After graphs have been consumed (e.g. copied out to another stage), you remove them
with {py:meth}`nvalchemi.data.batch.Batch.defrag`. This compacts the remaining graphs
to the front of the buffer so that freed capacity is available again:

```python
# Mark which graphs have been copied out
copied_mask = torch.tensor([True, False, True])
buffer.defrag(copied_mask=copied_mask)
```

### Resetting with `zero`

{py:meth}`nvalchemi.data.batch.Batch.zero` resets the batch to zero graphs while
keeping the allocated memory in place --- useful at the start of a new epoch or
pipeline iteration.

These operations (`empty` / `put` / `defrag` / `zero`) form the backbone of the
dynamics pipeline's inflight batching, where systems enter and leave a running
simulation at different times.

## ASE Atoms interoperability

The [Atomic Simulation Environment (ASE)](https://ase-lib.org/about.html) is the
most widely-used Python library for representing and manipulating atomistic systems.
The toolkit provides a conversion path so you can move data between ASE and ALCHEMI
seamlessly.

### Converting ASE Atoms to AtomicData

{py:meth}`nvalchemi.data.AtomicData.from_atoms` accepts an `ase.Atoms` object and
returns an {py:class}`nvalchemi.data.AtomicData`:

```python
from ase.build import molecule
from nvalchemi.data import AtomicData

atoms = molecule("H2O")
data = AtomicData.from_atoms(atoms, device="cpu")
```

The conversion maps ASE fields to ALCHEMI fields:

| ASE source | AtomicData field | Notes |
|-------------------------------|----------------------|-----------------------------------------------|
| `atoms.numbers` | `atomic_numbers` | |
| `atoms.positions` | `positions` | |
| `atoms.get_pbc()` | `pbc` | Reshaped to `(1, 3)` |
| `atoms.get_cell()` | `cell` | Reshaped to `(1, 3, 3)` |
| `atoms.info[energy_key]` | `energies` | Default key: `"energy"` |
| `atoms.arrays[forces_key]` | `forces` | Default key: `"forces"` |
| `atoms.info[stress_key]` | `stresses` | Voigt vector converted to `(1, 3, 3)` matrix |
| `atoms.info[virials_key]` | `virials` | Voigt vector converted to `(1, 3, 3)` matrix |
| `atoms.get_tags()` | `atom_categories` | 0 = GAS, 1 = SURFACE, 2+ = BULK |
| `atoms.get_masses()` | `atomic_masses` | |
| `atoms.info` (remaining) | preserved | Filtered to tensors, arrays, and floats |

Keyword arguments (`energy_key`, `forces_key`, etc.) let you adapt to different
naming conventions in your ASE dataset.

### Building a Batch from a list of Atoms

There is no special bulk constructor --- compose the two operations:

```python
from ase.build import molecule
from nvalchemi.data import AtomicData, Batch

atoms_list = [molecule("H2O"), molecule("CH4")]
batch = Batch.from_data_list([AtomicData.from_atoms(a) for a in atoms_list])
```

### Converting back to ASE Atoms

The core library does not provide a `to_atoms` method, since the reverse mapping is
application-specific (e.g. which `info` keys to preserve, how to handle missing
fields).

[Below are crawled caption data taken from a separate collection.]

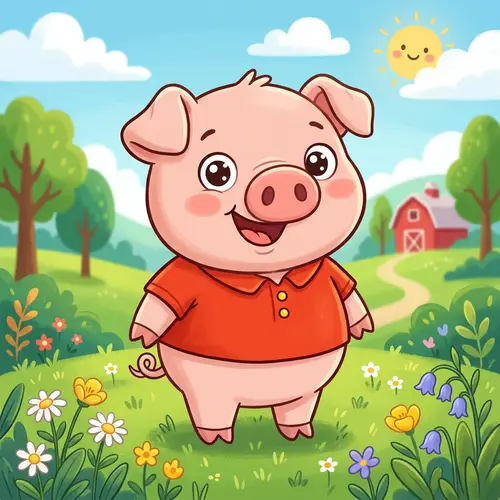 Adorable Pink Cartoon Pig | Kids' Cartoon Character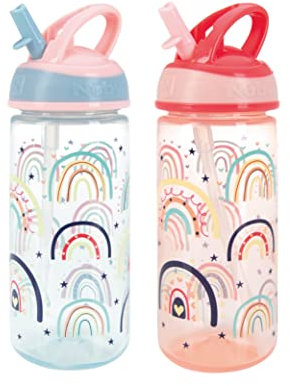 Nuby Sippy Cup, Rainbows, 540 ml (Pack of 2)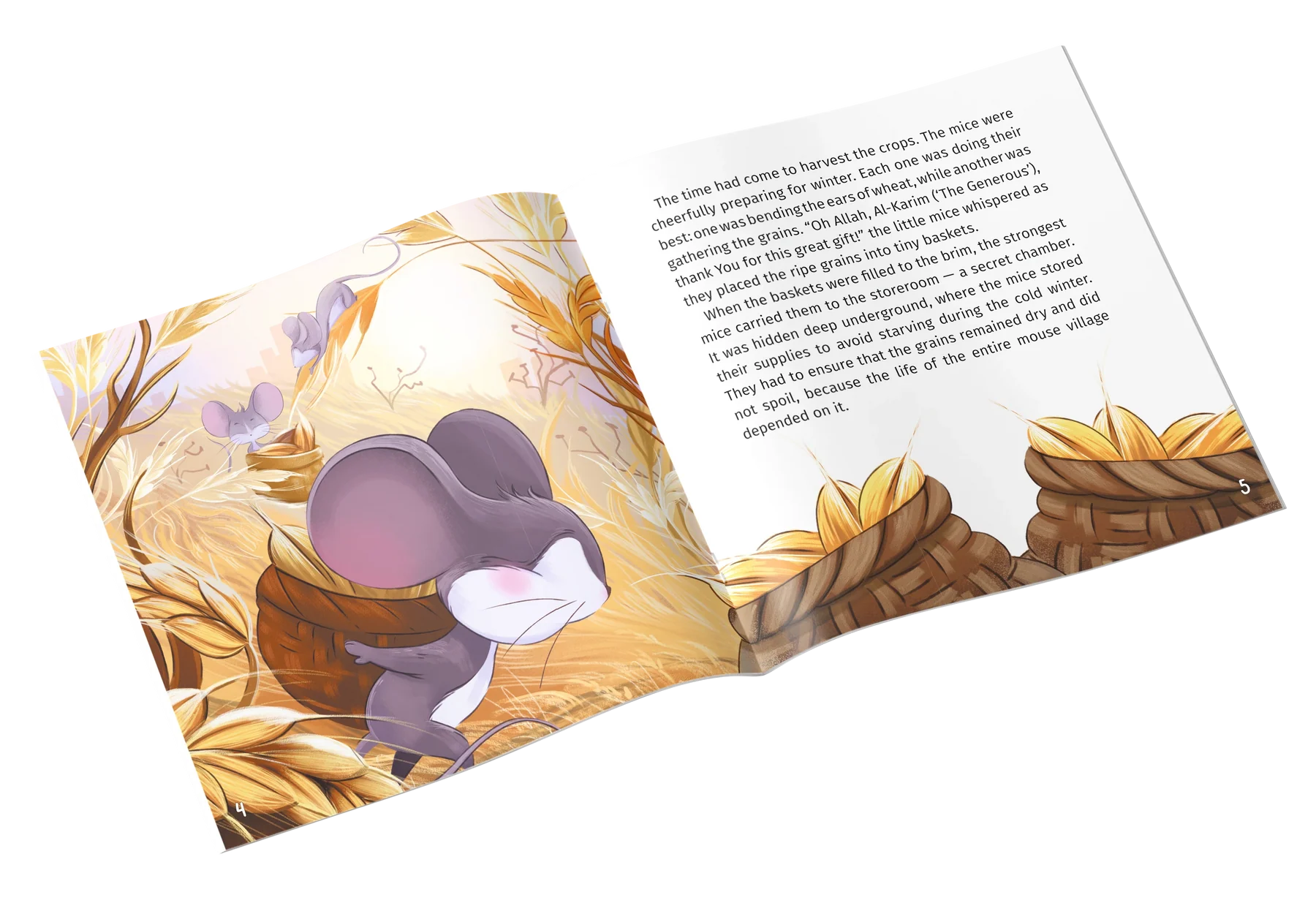 Inside pages of the Little Mouse Names of Allah Islamic storybook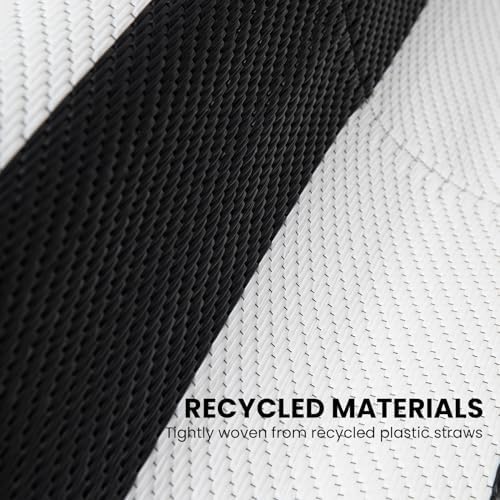 Outdoor Rug 6 x9 ft, Plastic Rug for Patio, Black & White - Image 4
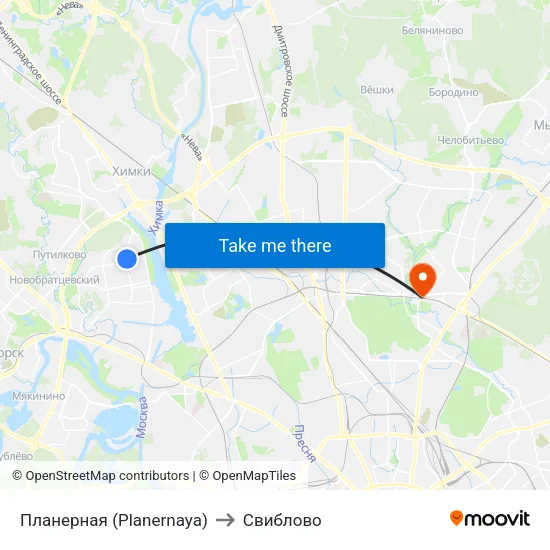 Планерная (Planernaya) to Свиблово map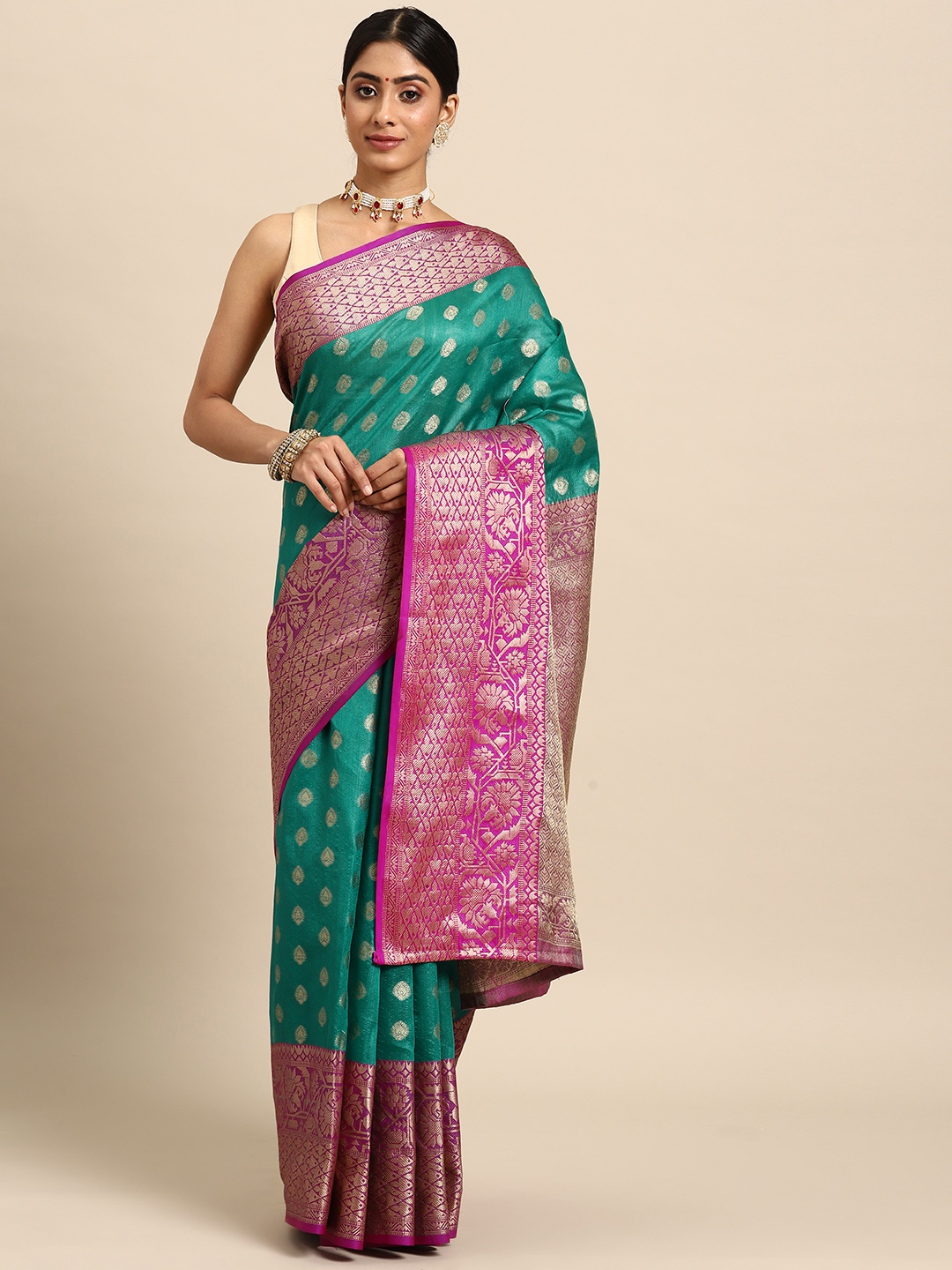 

Silk Land Teal & Purple Ethnic Motifs Zari Art Silk Banarasi Saree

The examples directory includes a utility function that demonstrates the
reconstruction:

```python
# From examples/04_ase_dynamics_example.py
from ase import Atoms

def data_to_atoms(data: AtomicData) -> Atoms:
    return Atoms(
        numbers=data.atomic_numbers.cpu().numpy(),
        positions=data.positions.cpu().numpy(),
        cell=data.cell.squeeze(0).cpu().numpy() if data.cell is not None else None,
        pbc=data.pbc.squeeze(0).cpu().numpy() if data.pbc is not None else None,
    )
```

```{tip}
Converting a ``Batch`` to ``ase.Atoms`` should convert to ``AtomicData`` first
via ``Batch.to_data_list``, and loop over individual ``AtomicData``
entries then.
```

## See also

- **Examples**: The gallery includes **AtomicData and Batch: Graph-structured molecular data**
  (``01_data_example.py``) for a runnable script.
- **API**: {py:mod}`nvalchemi.data` for the full API of AtomicData, Batch, and the
  zarr-based reader/writer and dataloader.